Manager San mengangguk dan siap untuk pergi.
"Chad, maafkan aku tapi ada beberapa pekerjaan yang harus aku urus juga" ujar Agler dengan raut wajah bingung.
"Jangan terlalu mengkhawatirkan aku, pergilah" ucap Chad.
"Alisya, aku akan kembali nanti siang dan... Ima tolong temani dia"
"Serahkan padaku" sahut Ima yakin.
Agler berpamitan untuk terakhir kalinya sebelum pergi juga dari sana, kini tinggalah Chad, Ima, Alisya dan Reinner yang masih menunggu.
"Apa kau tidak mengantuk?" tanya Alisya melihat Ima yang masih keliatan bugar.
"Aku sudah terbiasa begadang, apa kau mau pulang dulu dan ganti pakaian?" balas Ima.
"Mungkin nanti, aku masih ingin di sini" jawabnya.

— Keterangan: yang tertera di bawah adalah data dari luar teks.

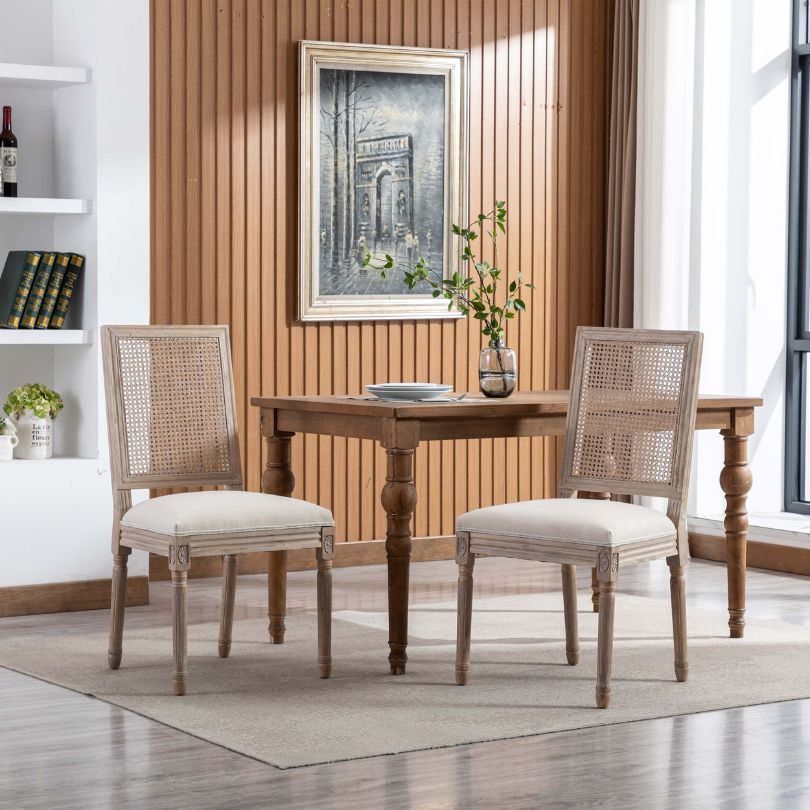 Angled view of Breeza high back chair showing beige upholstery and rattan detailing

"Baiklah" sahut Ima tak memaksa.
Mereka kembali terdiam, sementara Reinner bingung harus bertindak apa sebagai seorang ayah. Ini adalah kali pertama ia melihat putranya begitu tersiksa, mata kosongnya berbicara tentang berbagai kepedihan selama dua puluh tahun lebih.
"Chad... bibi Joy pasti baik-baik saja" ujarnya mencoba menghibur.
"Andai Alisya tidak ada di sana makan saat ini keluarga Hermes sudah kehilangan nyonya mereka" sahut Chad tanpa ekspresi.